§ WHAT YOU ARE ASKED TO DO
The required output is an exact restatement of the lines, starting with the one that contains "Débardeur Sport Urbain" and finishing with the last line of the listing. It contains no pictures.
# # # #
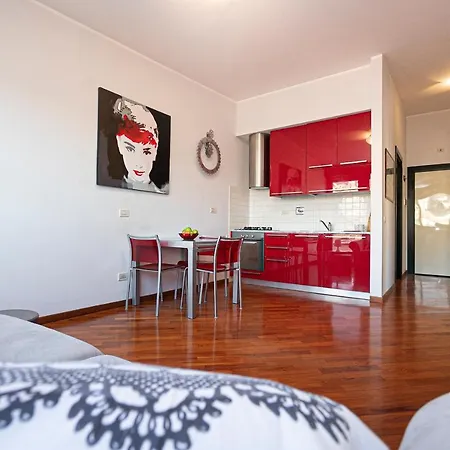 Apartmán Real Italian Estate - Red Coral *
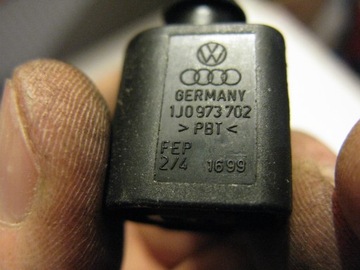 1J0973702 РАЗЪЕМ AUDI VW SKODA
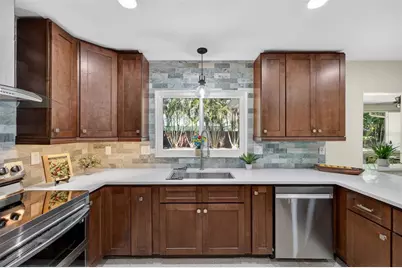 2264 St Charles Drive, Clearwater, FL 33764 - Photo 18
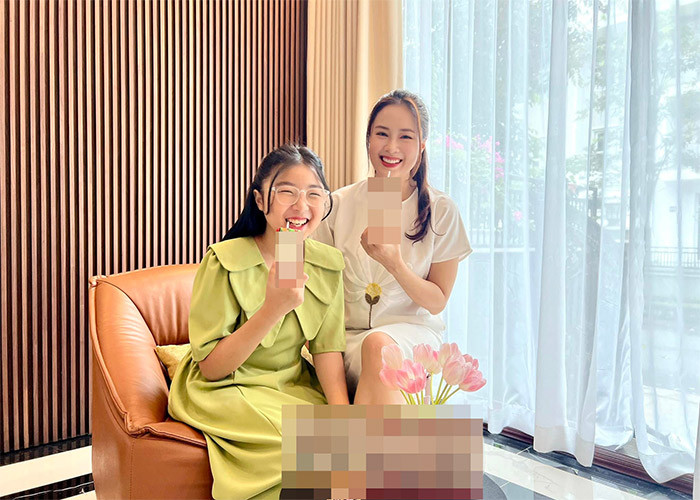 Nữ diễn viên sinh năm 1983 ít khi chia sẻ ảnh các con lên mạng xã hội. Trên trang cá nhân của cô chỉ thỉnh thoảng đăng ảnh hai mẹ con cùng quảng cáo cho một nhãn hàng nào đó. (Ảnh: FB Hồng Diễm)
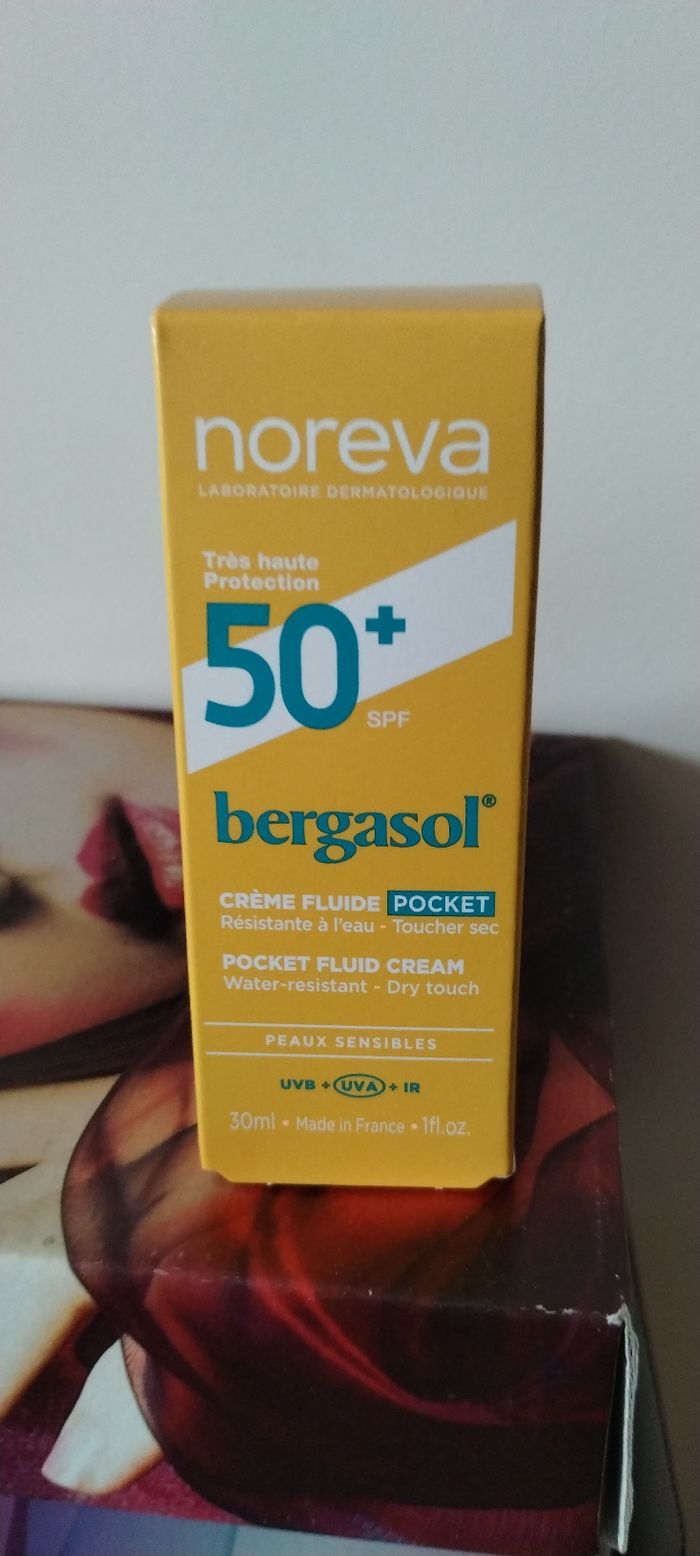 Crème fluide solaire spf 50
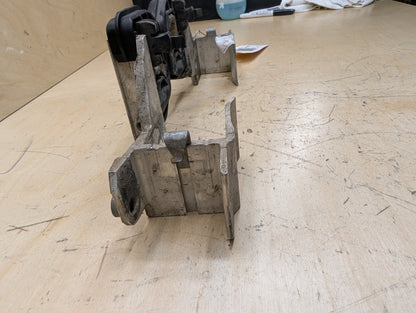 OEM BMW F22 F23 F30 F32 F33 F36 Left Right Radiator Carrier Support Bracket SET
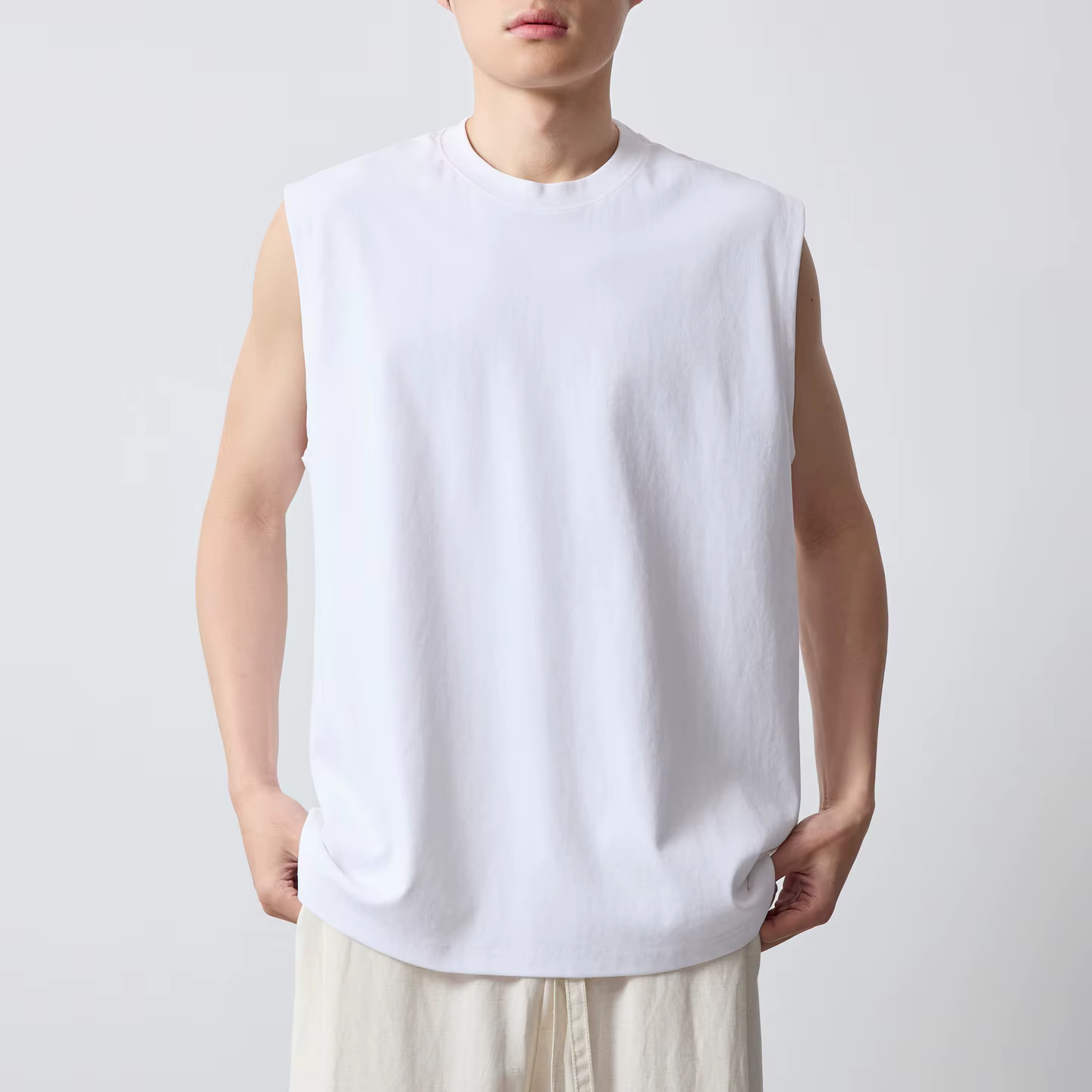 Débardeur Sport Urbain Homme – Nouvelle Collection Été 2026 – Couleur Unie Col Rond
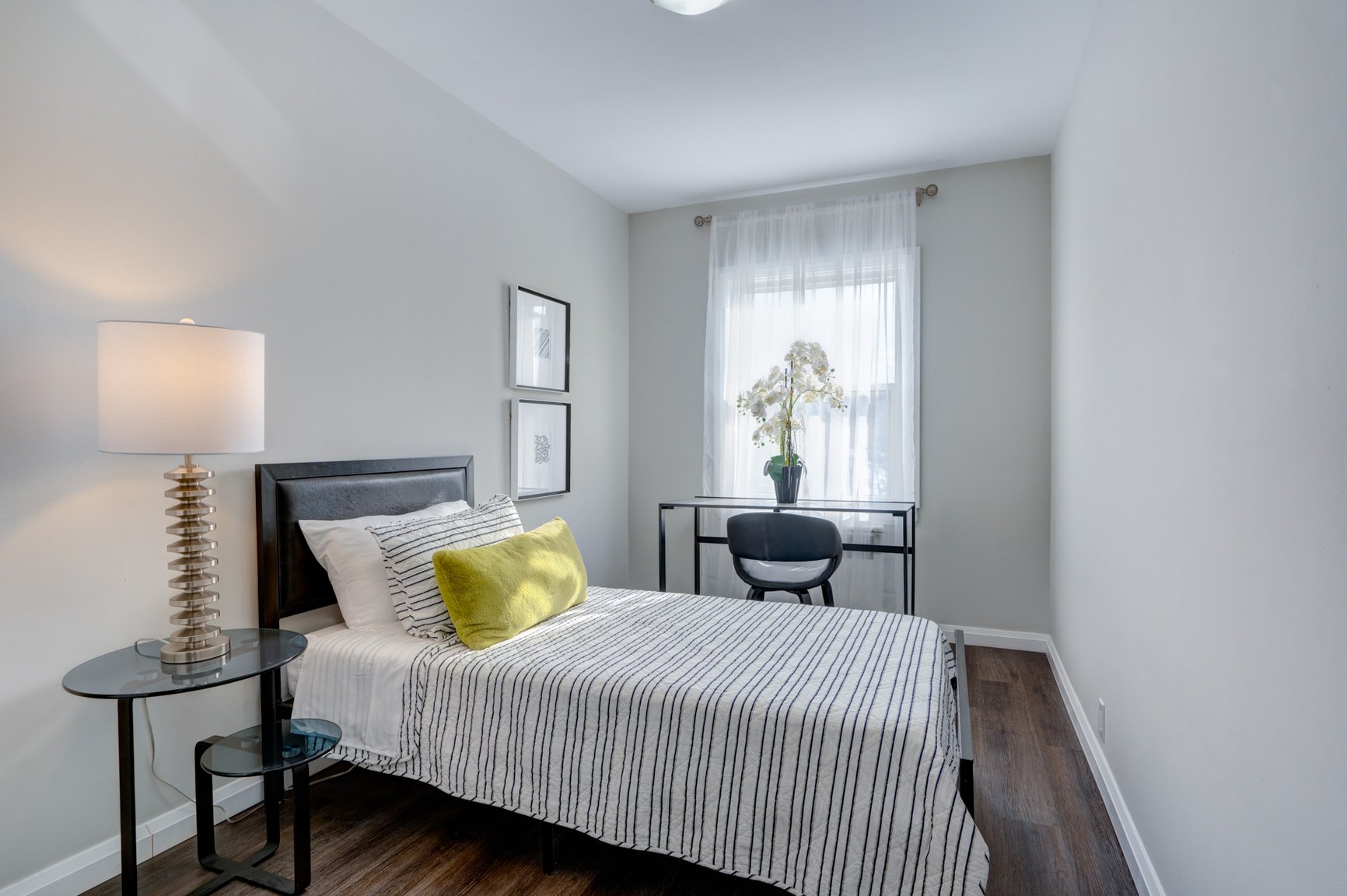 Bedford Court - 2 bedrooms 3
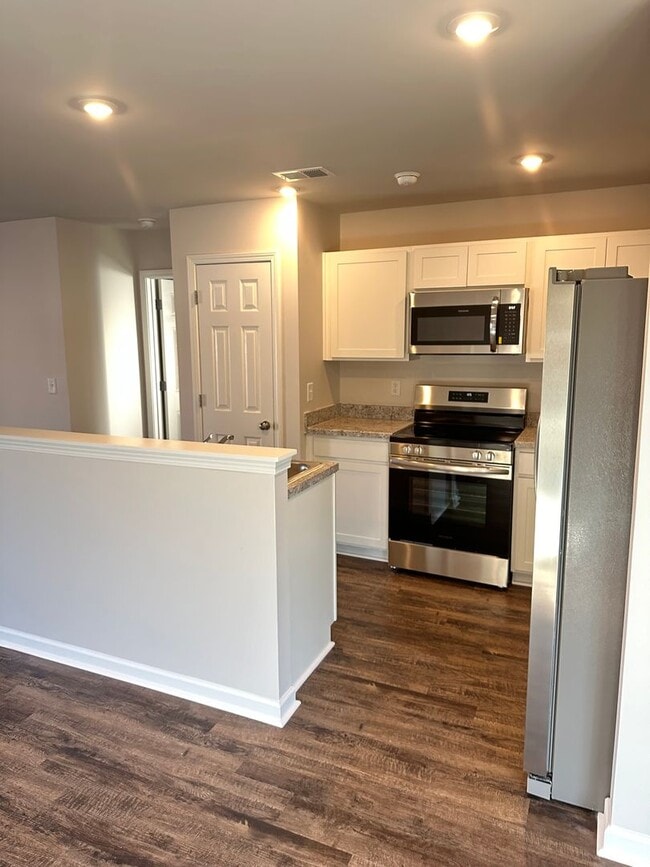 Building Photo - Your New Home Awaits | Pre-Leasing a Charming 3-Bedroom Home in Tucker Farms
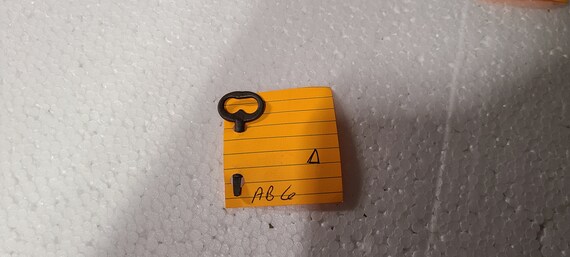 Tools Antique sewing machine key Triangle end Sewing Machines etna.com.pe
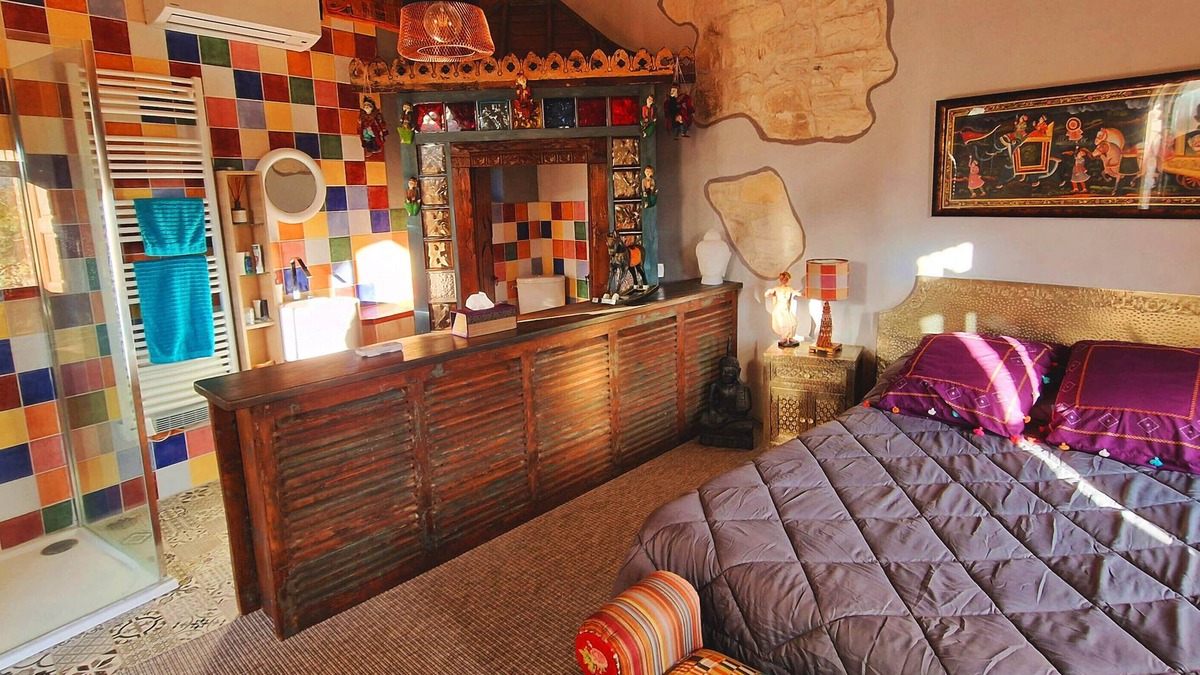 Vezenobres Bed & Breakfast | Chambre D'hôte de Charme Avec Jacuzzi, Jardin à Vézénobres Village Médiéval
# # # #
§ REPLY
 Débardeur Sport Urbain Homme – Nouvelle Collection Été 2026 – Couleur Unie Col Rond
 Bedford Court - 2 bedrooms 3
 Building Photo - Your New Home Awaits | Pre-Leasing a Charming 3-Bedroom Home in Tucker Farms
 Tools Antique sewing machine key Triangle end Sewing Machines etna.com.pe
 Vezenobres Bed & Breakfast | Chambre D'hôte de Charme Avec Jacuzzi, Jardin à Vézénobres Village Médiéval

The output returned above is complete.